For CUDA device memory, the flow is as follows. A CUDA-backed heap is initialized
by allocating device memory with ``cuMemAlloc``, then exporting it as a
dma-buf file descriptor via ``cuMemGetHandleForAddressRange`` with the
``CU_MEM_RANGE_HANDLE_TYPE_DMA_BUF_FD`` handle type. This file descriptor
is passed to the ``dmabuf_attach`` wrapper in the uPCIe library, which opens
``/dev/udmabuf`` and issues ``UDMABUF_ATTACH`` to obtain the page count,
followed by ``UDMABUF_GET_MAP`` to retrieve an array of ``(dma_addr, len)``
tuples. These are indexed into a lookup table (LUT) keyed at 64 KiB granularity,
the native page size for NVIDIA GPU device memory, enabling runtime translation
from any device memory virtual address to the corresponding physical address.

### xnvmeperf Device-Initiated Benchmarking

xnvmeperf integrates device-initiated I/O through its ``cuda-run`` subcommand.

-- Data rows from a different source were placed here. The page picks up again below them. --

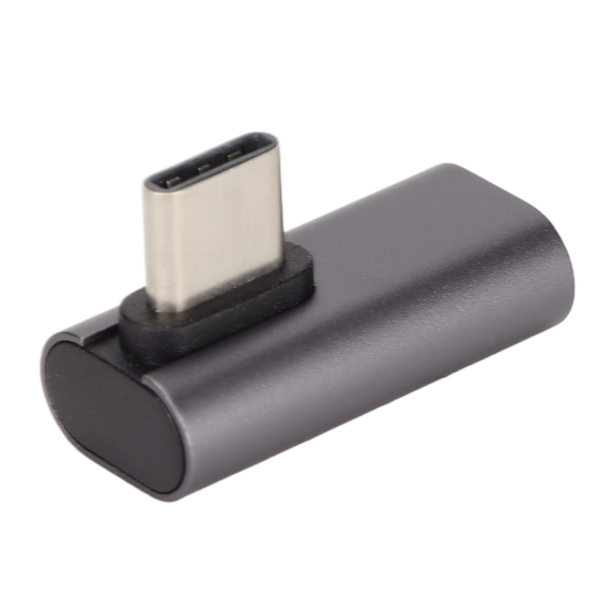 Type C han til hun adapter 10 Gbps aluminiumlegering kompakt Type C adapter til bærbare computere tablets smartphones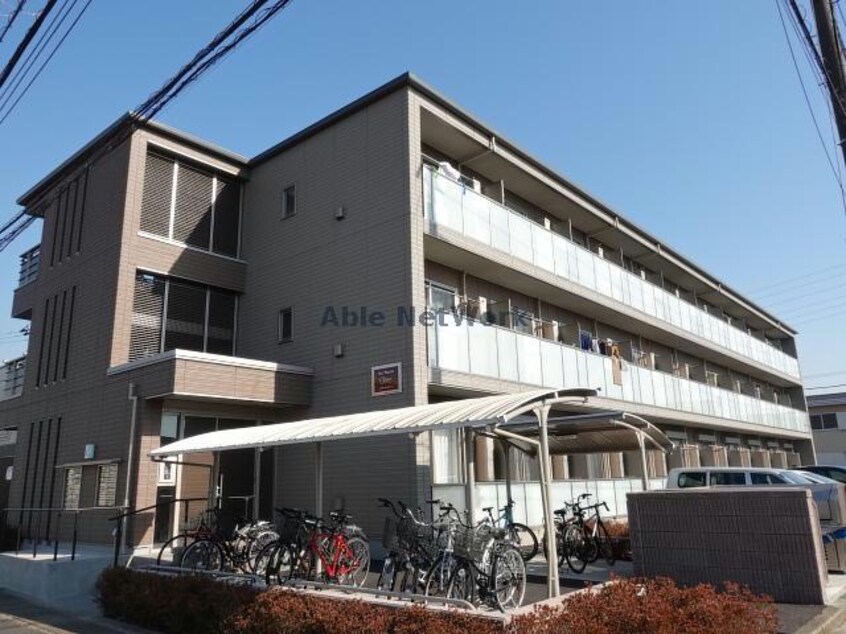  内房線/五井駅 徒歩7分 1階 築5年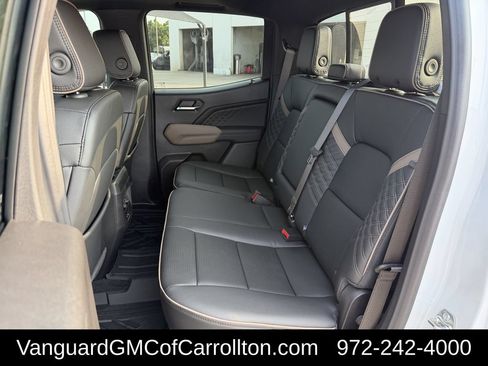 New 2026 GMC Canyon Denali AWD/4WD image 24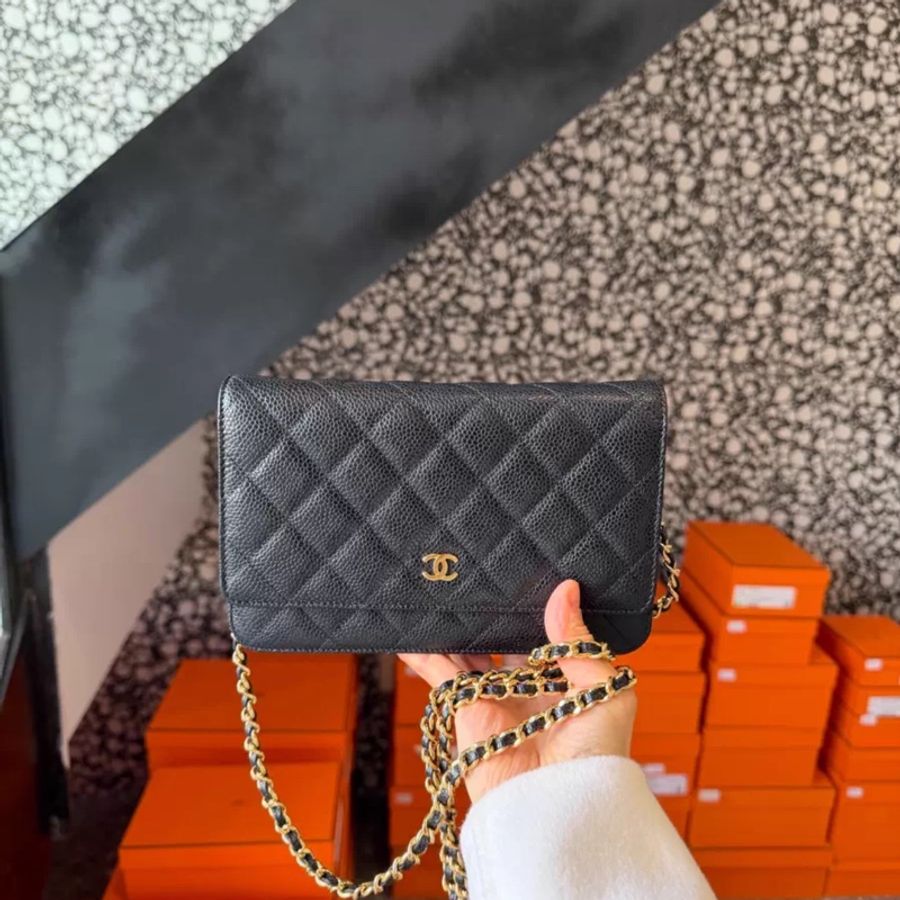 Chanel 黑金woc芯片-0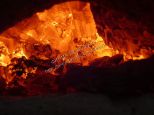 Приготовление шашлыка в тандыре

The host allocates GPU-resident NVMe queue pairs and DMA buffers in CUDA device
memory, builds NVMe commands with PRP lists populated from physical addresses
resolved via the udmabuf-import mechanism described above, and uploads the
commands to the GPU. CUDA kernels then execute in a tight loop: one block per
queue, one thread per queue slot, submitting and completing I/O continuously
without returning to the CPU between rounds. A host-mapped flag signals the
kernels to stop after the configured runtime, at which point per-queue round
counts are read back and used to compute throughput. Sequential and random
access patterns are supported through separate kernel implementations; the
random kernel uses a per-thread linear congruential generator seeded from the
host to produce independent LBA sequences without shared-memory coordination.